Not exactly. I did some tests, and initially I wanted the search to be performed in a "network" starting from the user who is doing the search, considering the "distance" within that network as a factor for relevance — meaning, in a search, users closer to me, with more similarity to my query, would have higher relevance, and those farther away would have lower relevance.
In theory, it looks great, but when I tested it in practice, perhaps because the number of users was still small, the results were quite poor. So, I added a "similarity" property to the users resulting from the search and simply sorted the list at the end in descending order by the "similarity" property.

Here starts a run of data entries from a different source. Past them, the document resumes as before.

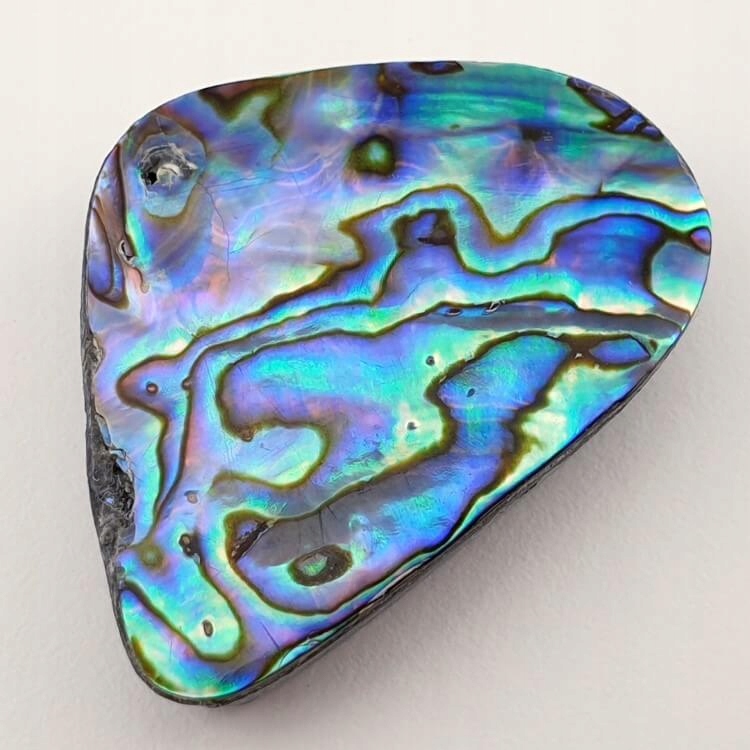 Paua Abalone kaboszon ~3,7x2,7 cm nr 63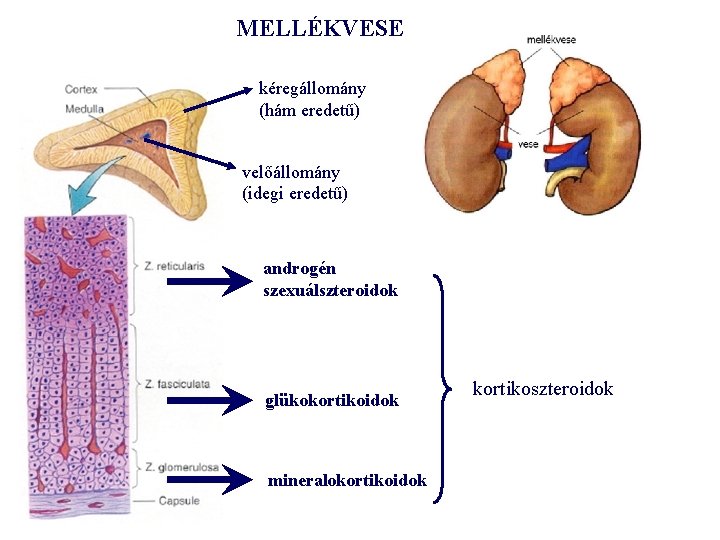 MELLÉKVESE kéregállomány (hám eredetű) velőállomány (idegi eredetű) androgén szexuálszteroidok glükokortikoidok mineralokortikoidok kortikoszteroidok 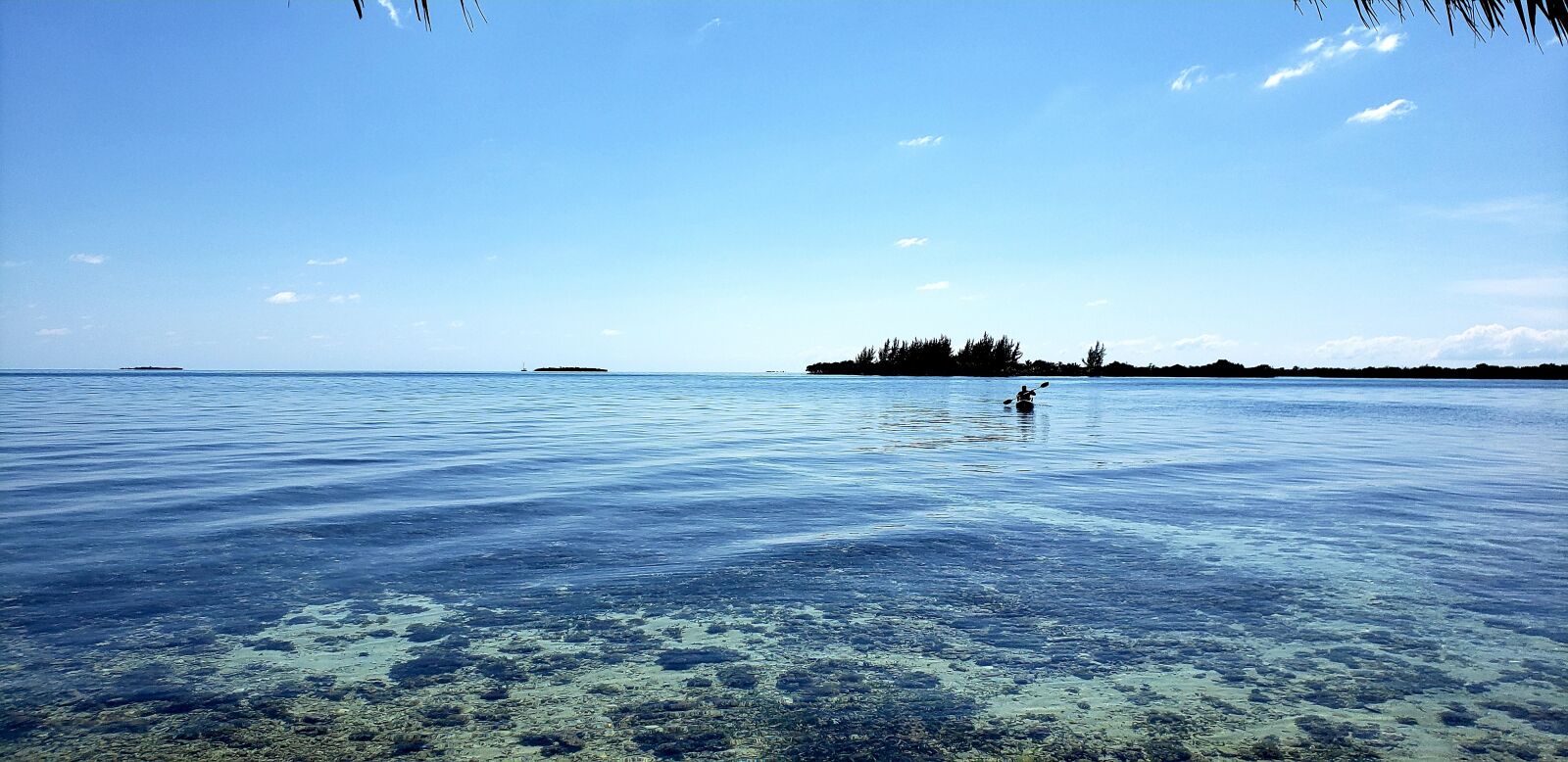 Samsung Galaxy S9+ sample photo. Kayak, belize, ocean photography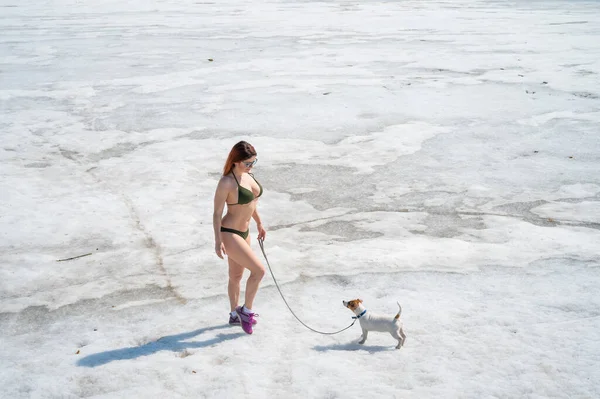 Une femme rousse en bikini se promène avec un chien sur une plage enneigée — Photo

In the form described above, the results were much more accurate, so once I got the desired outcome, I optimized the code to make the search as fast as possible. To summarize, the most efficient approach given the current number of users is to take the list and perform a simple search sorted by similarity. I’m still not making good use of the graph properties, and I’ll revisit the analysis when the user base is large enough for graph-based search results to be more relevant.
This week, I’ll solve an issue in the method that calculates the similarity between users’ names in the list and the search term. There’s a bug causing it to return poor results quite often.
How do you calculate the similarity score? Is it PageRank or something like it?
And are you using a graph db like neo4j? (Which has powerful tools for calculation of various similarity scores)
I'm a few steps behind, my project is still a bit primitive haha
Right now, it only performs a simple breadth-first search (BFS) on the graph, where I calculate the similarity between user names and the search term using an algorithm I implemented based on this paper: http://www.catalysoft.com/articles/StrikeAMatch.html
I'm not using any database; I implemented everything from scratch in C to achieve the highest possible performance. By using the paper above and implementing it in the most optimized way possible with bitwise operations and everything, the similarity calculation became orders of magnitude faster than all existing methods—about 300% faster than cosine similarity, for example.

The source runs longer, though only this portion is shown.